DATA EXCERPT:
----

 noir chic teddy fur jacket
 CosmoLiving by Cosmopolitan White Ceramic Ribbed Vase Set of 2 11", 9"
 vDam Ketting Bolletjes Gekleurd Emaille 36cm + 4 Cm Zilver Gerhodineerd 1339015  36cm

----

WHAT TO WORK ON:
Retype the data. Keep every word as it stands.

RESPONSE TO THIS EXERCISE:
 noir chic teddy fur jacket
 CosmoLiving by Cosmopolitan White Ceramic Ribbed Vase Set of 2 11", 9"
 vDam Ketting Bolletjes Gekleurd Emaille 36cm + 4 Cm Zilver Gerhodineerd 1339015  36cm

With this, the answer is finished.